Jenkins build jobs occasionally interrupt abnormally

When I build a same jenkins job,it fails sometime,and there is irregular.
this is my job’s pipeline script:

pipeline{
    agent{
        node{
            // kubernetes slave pod template label
            label 'jdk8'
        }
    }
    stages{
        stage("clone"){
            steps{
                git credentialsId: 'xxx', url: 'xxx', branch: 'master'
            }
        }
        stage("build"){
            steps{
                echo "[package]"
                sh"""
                     mvn clean package
                """
            }
        }
    }
}

the following is the wrong ,as we can see, the problem occurs when executing the sh fragment in the Pipeline script.

[package]
process apparently never started in /home/jenkins/workspace/jenkins-build-app@tmp/durable-5d574913
(running Jenkins temporarily with -D 
org.jenkinsci.plugins.durabletask.BourneShellScript.LAUNCH_DIAGNOSTICS=true might make the problem 
clearer)

My jenkins controller is running on Kubernetes,then I configured JAVA_OPTS in jenkins controller deployment yaml according to the log prompts.

      containers:
        - name: jenkins
          image: jenkins/jenkins:2.387.3-lts
          env:
            - name: JAVA_OPTS
              value: "-Dorg.jenkinsci.plugins.durabletask.BourneShellScript.LAUNCH_DIAGNOSTICS=true"

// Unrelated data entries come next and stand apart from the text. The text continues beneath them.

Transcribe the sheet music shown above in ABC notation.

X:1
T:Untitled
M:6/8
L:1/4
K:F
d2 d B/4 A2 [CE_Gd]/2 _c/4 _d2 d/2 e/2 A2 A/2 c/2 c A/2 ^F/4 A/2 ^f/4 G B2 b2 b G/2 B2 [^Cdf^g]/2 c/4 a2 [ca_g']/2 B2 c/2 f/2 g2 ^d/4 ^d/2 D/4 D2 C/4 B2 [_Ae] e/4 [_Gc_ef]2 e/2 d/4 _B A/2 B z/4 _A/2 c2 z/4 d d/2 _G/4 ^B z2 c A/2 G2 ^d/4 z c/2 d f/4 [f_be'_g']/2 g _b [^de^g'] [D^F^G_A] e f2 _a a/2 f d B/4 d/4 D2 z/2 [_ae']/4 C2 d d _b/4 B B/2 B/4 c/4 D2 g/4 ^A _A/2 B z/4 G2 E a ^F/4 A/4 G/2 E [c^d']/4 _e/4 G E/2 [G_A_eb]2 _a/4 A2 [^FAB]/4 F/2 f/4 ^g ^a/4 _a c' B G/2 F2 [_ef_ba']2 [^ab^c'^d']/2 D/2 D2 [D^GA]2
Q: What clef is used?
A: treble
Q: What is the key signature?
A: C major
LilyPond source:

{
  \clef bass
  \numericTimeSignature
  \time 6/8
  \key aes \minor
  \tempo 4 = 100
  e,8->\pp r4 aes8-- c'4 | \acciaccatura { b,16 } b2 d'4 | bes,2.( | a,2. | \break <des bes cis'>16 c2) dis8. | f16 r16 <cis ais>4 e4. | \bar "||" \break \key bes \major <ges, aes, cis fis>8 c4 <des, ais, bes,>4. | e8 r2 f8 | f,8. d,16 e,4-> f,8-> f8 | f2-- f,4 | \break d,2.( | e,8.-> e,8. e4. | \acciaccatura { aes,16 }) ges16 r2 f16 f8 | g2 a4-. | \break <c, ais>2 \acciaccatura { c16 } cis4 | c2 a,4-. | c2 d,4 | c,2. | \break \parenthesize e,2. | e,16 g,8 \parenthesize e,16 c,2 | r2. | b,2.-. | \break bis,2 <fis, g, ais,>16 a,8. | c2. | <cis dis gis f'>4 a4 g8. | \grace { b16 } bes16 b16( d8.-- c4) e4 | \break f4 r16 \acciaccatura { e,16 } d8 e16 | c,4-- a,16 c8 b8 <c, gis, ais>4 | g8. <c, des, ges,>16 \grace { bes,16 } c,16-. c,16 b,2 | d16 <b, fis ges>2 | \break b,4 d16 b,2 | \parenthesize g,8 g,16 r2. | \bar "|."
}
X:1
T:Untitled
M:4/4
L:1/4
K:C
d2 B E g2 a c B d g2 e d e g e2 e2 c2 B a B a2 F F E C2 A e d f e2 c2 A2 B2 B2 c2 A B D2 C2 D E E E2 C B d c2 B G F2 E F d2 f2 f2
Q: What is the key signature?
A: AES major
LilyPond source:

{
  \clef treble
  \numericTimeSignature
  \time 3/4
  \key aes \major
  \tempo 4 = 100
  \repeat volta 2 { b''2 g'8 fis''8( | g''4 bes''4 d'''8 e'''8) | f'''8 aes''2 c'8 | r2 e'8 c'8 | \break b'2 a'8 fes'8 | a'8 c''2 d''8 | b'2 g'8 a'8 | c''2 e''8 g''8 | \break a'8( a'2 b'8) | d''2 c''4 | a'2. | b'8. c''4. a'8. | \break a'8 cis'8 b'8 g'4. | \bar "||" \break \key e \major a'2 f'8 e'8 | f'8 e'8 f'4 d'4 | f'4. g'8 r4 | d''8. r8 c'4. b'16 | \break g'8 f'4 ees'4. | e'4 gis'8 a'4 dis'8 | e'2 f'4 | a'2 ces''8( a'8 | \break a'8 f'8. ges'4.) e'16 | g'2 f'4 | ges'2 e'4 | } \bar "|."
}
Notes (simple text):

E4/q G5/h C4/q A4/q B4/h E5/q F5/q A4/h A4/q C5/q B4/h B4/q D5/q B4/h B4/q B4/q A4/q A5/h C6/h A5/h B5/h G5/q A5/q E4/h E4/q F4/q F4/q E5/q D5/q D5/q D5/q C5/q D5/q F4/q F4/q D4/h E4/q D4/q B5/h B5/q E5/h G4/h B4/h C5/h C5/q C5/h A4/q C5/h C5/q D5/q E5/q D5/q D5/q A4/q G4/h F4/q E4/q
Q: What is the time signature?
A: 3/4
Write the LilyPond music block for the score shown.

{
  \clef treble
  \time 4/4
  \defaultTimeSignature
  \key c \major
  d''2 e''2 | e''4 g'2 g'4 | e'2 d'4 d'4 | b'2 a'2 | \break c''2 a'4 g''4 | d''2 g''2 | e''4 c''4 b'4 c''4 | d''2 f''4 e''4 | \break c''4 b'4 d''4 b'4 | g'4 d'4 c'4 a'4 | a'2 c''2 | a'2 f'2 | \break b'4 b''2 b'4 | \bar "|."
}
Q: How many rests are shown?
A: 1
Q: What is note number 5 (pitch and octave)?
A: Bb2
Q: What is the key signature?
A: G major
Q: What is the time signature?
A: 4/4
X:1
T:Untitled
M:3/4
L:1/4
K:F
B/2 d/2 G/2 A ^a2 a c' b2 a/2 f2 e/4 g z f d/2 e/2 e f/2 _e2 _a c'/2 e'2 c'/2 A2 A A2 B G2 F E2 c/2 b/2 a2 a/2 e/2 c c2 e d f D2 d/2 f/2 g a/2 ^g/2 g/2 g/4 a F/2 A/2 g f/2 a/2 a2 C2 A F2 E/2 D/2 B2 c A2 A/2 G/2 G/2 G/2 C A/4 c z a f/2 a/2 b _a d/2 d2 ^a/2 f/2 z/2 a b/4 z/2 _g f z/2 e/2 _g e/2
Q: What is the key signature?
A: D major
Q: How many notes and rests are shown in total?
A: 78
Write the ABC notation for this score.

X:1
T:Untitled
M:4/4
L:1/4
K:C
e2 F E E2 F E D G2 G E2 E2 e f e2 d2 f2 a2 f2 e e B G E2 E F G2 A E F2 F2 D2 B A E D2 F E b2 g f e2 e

Then I configured a scheduled task execution to catch exceptions. the log is indeed clearer.

nohup: cannot run command 'sh': Input/output error
process apparently never started in /home/jenkins/workspace/jenkins-build-app@tmp/durable-5d5g43d3

In addition, I found that the abnormal stage failed every time after five minutes and six seconds of execution.

Does anyone know what is causing this error? How should I fix this problem? :cold_sweat:

You might want to try adding

-Dorg.jenkinsci.plugins.durabletask.BourneShellScript.USE_BINARY_WRAPPER

to the JAVA_OPTS. This avoids the nohup by using a binary instead of a shell script to decouple from the java agent process.

Thank you very much! I will try to add this script. But what is the reason? I have checked my controller configuration and Kubernets Nodes, their status are normal.

I’ve seen the input/output error on my instances when the XFS file system got corrupted. Don’t know if this can be caused by other things as well.

My experience with the binary wrapper is that it is much more stable than the default shell script based wrapper where I’ve seen problems when the machine was under high load or memory pressure.

I have solved the problem!
After controlled testing and analysis,I find the root cause maybe due to disk IO performance.
After I replaced the storage device that needs to read and write data in the storage compilation with a new NAS,this problem disappeared! :smile: